According to Crystal, the technical feasibility study regrettably concluded that while the ship is remarkably intact and structurally sound, modifying the ship for today’s standards for oceangoing service (SOLAS) would require significant changes to the hull that would pose stability challenges. Additionally, the installation of a modern, state-of-the-art diesel electric propulsion plant would have necessitated altering of the existing shaft lines and rebuilding about 25 percent of the hull to reconfigure the ship to a twin shaft-twin rudder arrangement. While it was known that the vessel would need to have been essentially rebuilt from the inside out, these specific challenges, among others, collectively posed significant risk to the success of the project.
“Our company has great affection for this historic and irreplaceable vessel, and we will be making a $350,000 donation which will help support the Conservancy preserve the vessel through the remainder of the year,” said Edie Rodriguez, president and COO of Crystal. “We firmly believe the SS United States is an American treasure and deserves to be preserved and redeveloped as a stationary destination for future generations to experience and enjoy.”
(Crystal/Cruise Industry News)
SS United States: NCL’s Broken Promises: HERE
Exploring the decaying SS United States: HERE
Malcolm says: Such very disappointing news! Crystal are the second cruise line (see ‘Broken Promises’ above) to strongly suggest that they would return this legendary ship back to service.
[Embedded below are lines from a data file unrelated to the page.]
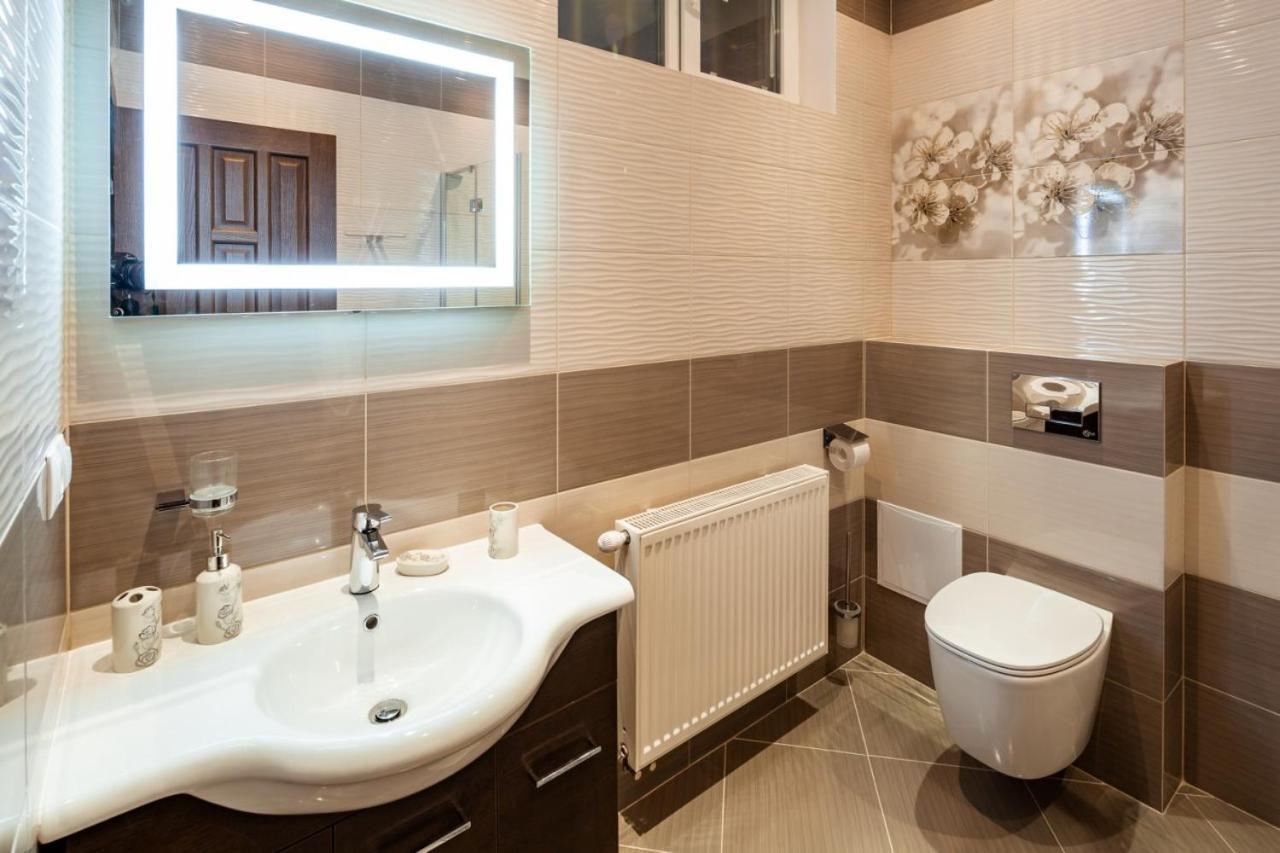 Alfa Apartments Svobody 31 Lwów Zewnętrze zdjęcie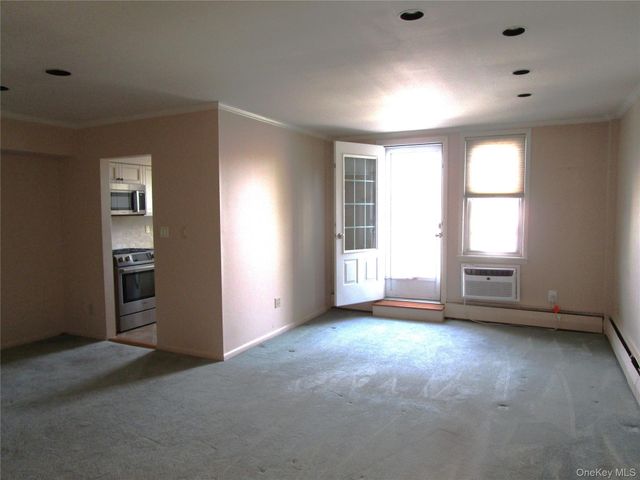 40 Daley Place 227, Lynbrook, NY 11563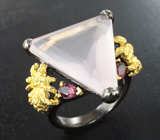 Серебряное кольцо с розовым кварцем 25+ карат и родолитами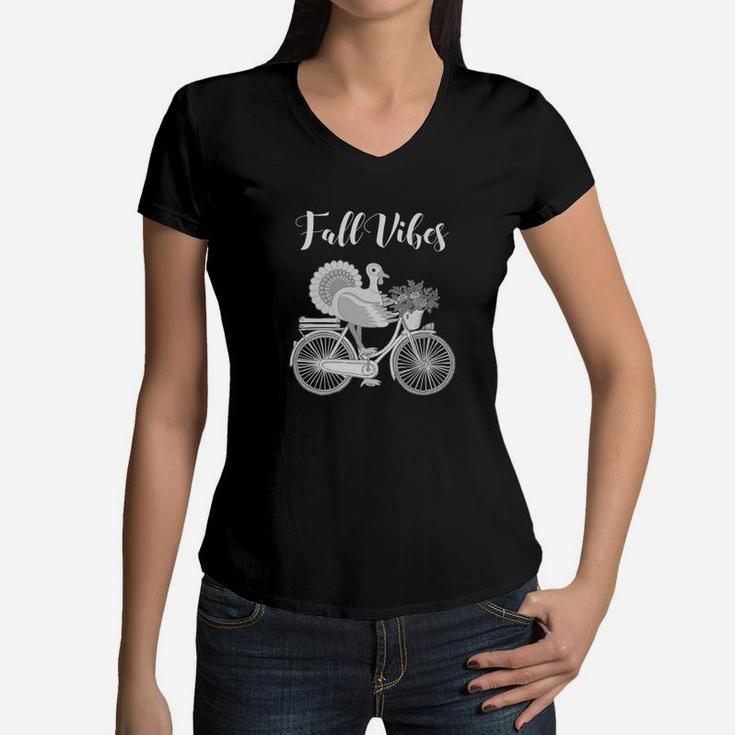 Fall Vibes Retro Thanksgiving Turkey Bicycle Vintage Women V-Neck T-Shirt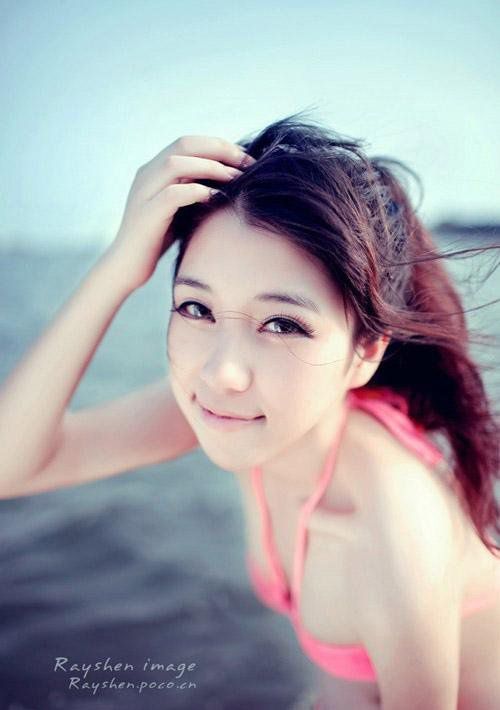 粉色比基尼萌妹子海边清纯写真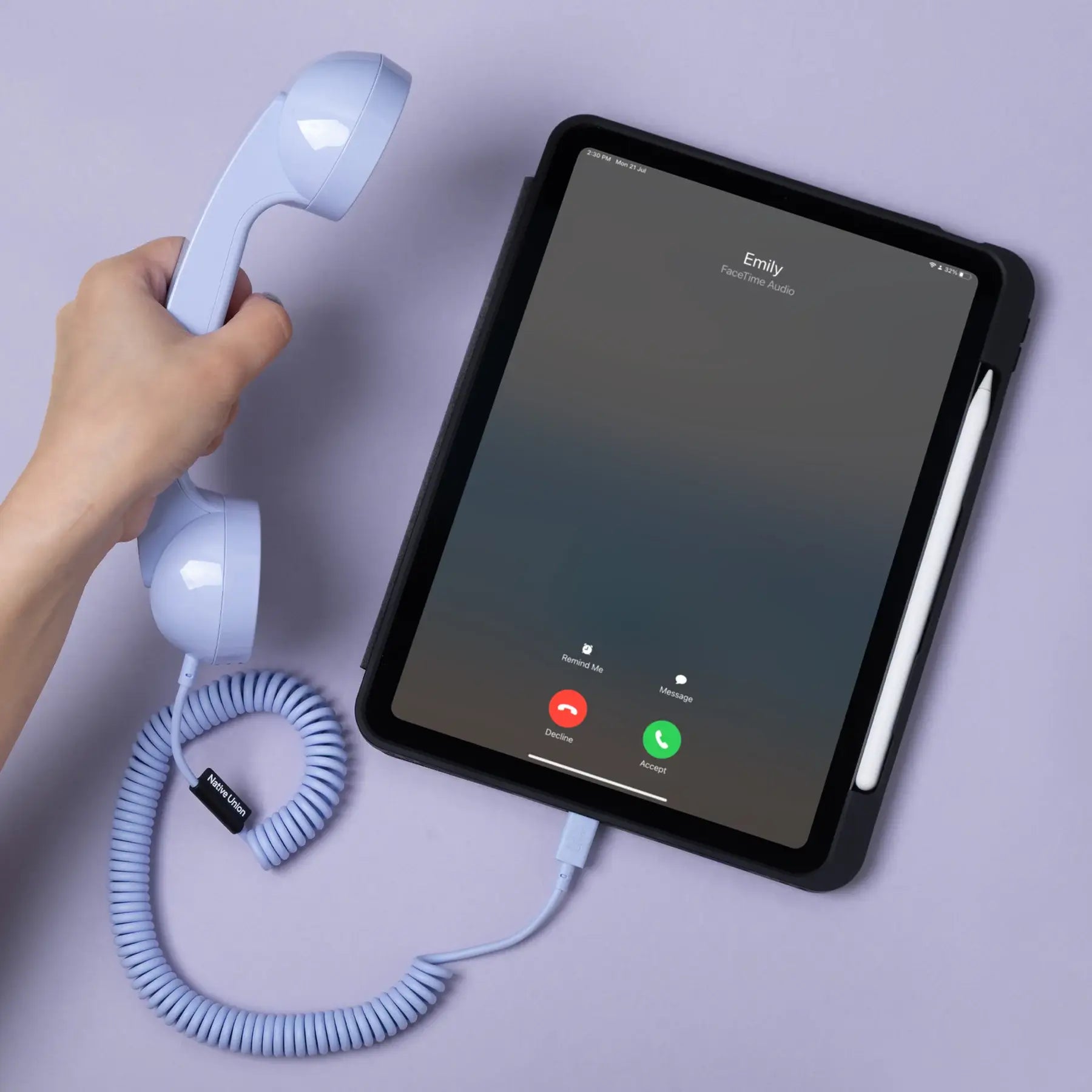 Combiné de téléphone Pop Phone Azur Citron branché à une tablette tactile pour passer un appel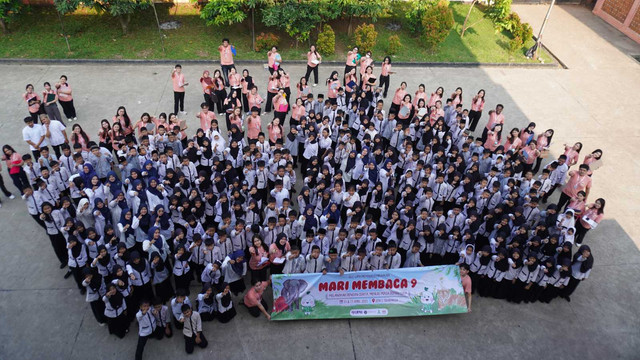 Program Mari Membaca 9, sebuah inisiatif dari Departemen Pendidikan dan Kebudayaan Unit Service Learning Community (SLC) Universitas Pelita Harapan (UPH). Program ini dilaksanakan di Sekolah Dasar Negeri (SDN) 5 Tigaraksa, Kabupaten Tangerang, Banten, pada 11 April 2025 dan 17 April 2025.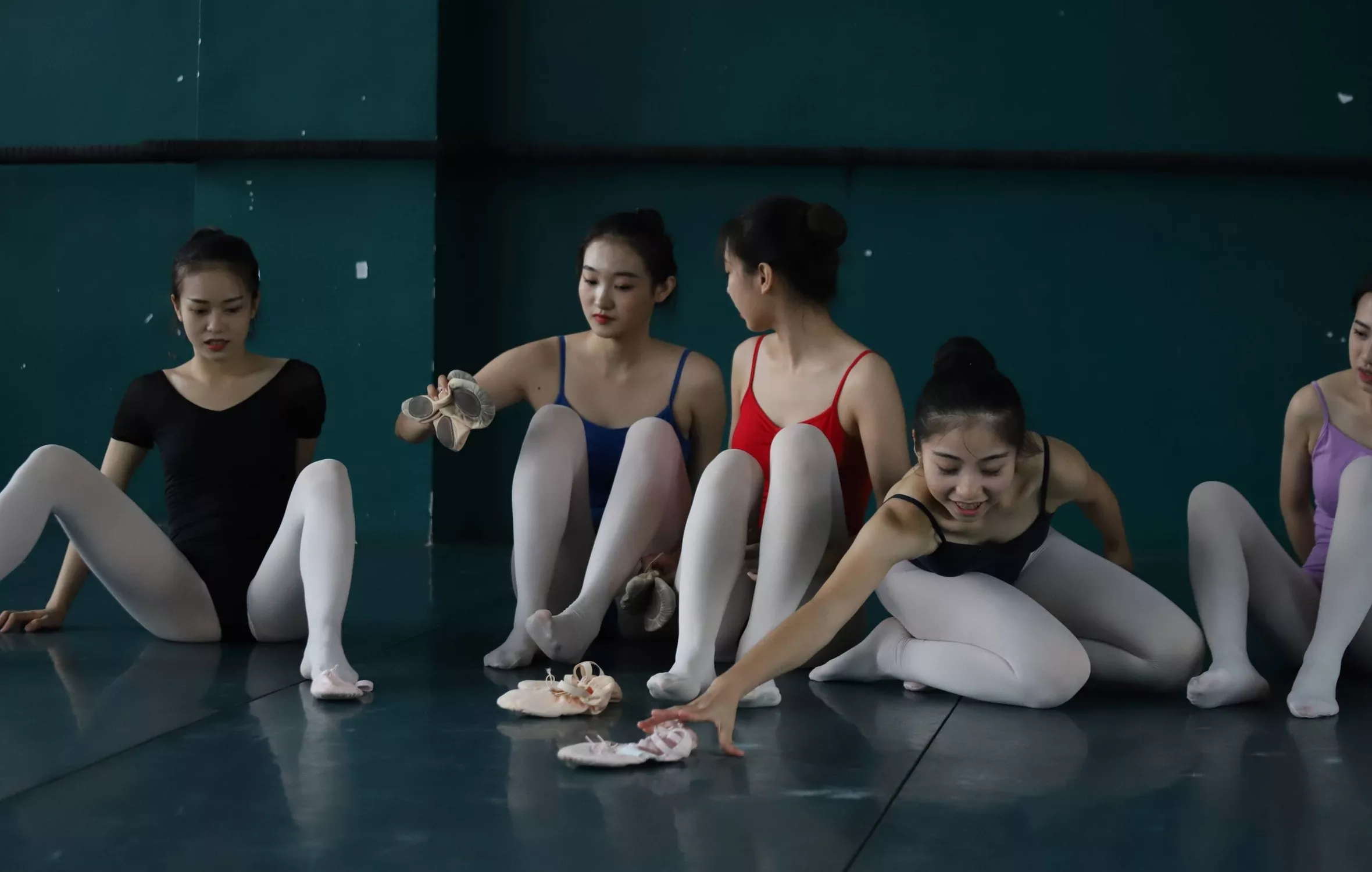 【大西瓜组图】 多色舞蹈服1【129P】 W004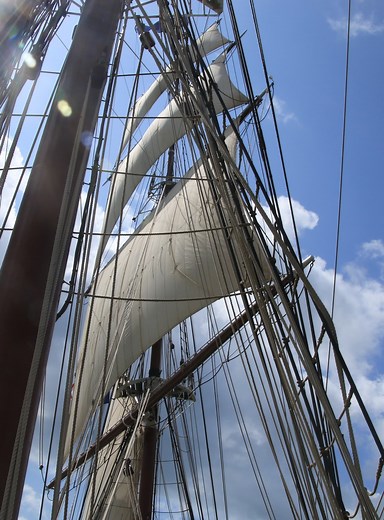 ⚓ A Day Aboard Morgenster..... ⚓ What's this tall ship sailing lark all about then? This should give you an idea! Classic Sailing's day out on Morgenster at Falmouth Classics last month. Big thanks to Jakob and the rest of the crew 👍 You can find your own adventure on this beautiful brig: 👉 https://classic-sailing.com/vessel/morgenster/ 🎥 Video by Liz Dal Bon #TraditionalSailing #HandsonDeck #TallShips #ClassicBoats #ADayInTheLife | Classic Sailing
You would think that a responsible cruise line would do the feasibility study first, BEFORE suggesting that they would return the ship back into to service. After all Crystal even prepared some concept rendings of the renovated ship – see above.
What were Crystal thinking? After all, they have never operated historic ships before. Crystal are all about ‘luxury’ and NOT ‘nostalgia’.
I’m no navel architect, but an aging Ocean Liner must be a little like a vintage car. If you decide to renovate a rusty one and get it road-worthy again, you are going to spend a small fortune. The restored car is never going to perform as well as a new car or be as comfortable. You are very unlikely to do this for profit, it’s normally done for love.
It’s always going to be cheaper to build a brand new cruise ship, than attempt to renovate an old one which complies with modern safety standards and includes todays creature comforts.
For example the hulls of old ocean liners often do not meet the modern regulations for stability.
Even Cunard’s fleet are three state-of-the-art ships themed to resemble historic Ocean Liners, inside and out. However they still offer all of the modern amenities, expected by modern consumers, including hundreds of balcony cabins.
On the subject of Ocean Liners, Clive Palmers ‘Titanic 2’ turned out to be a rich mans five minute wonder!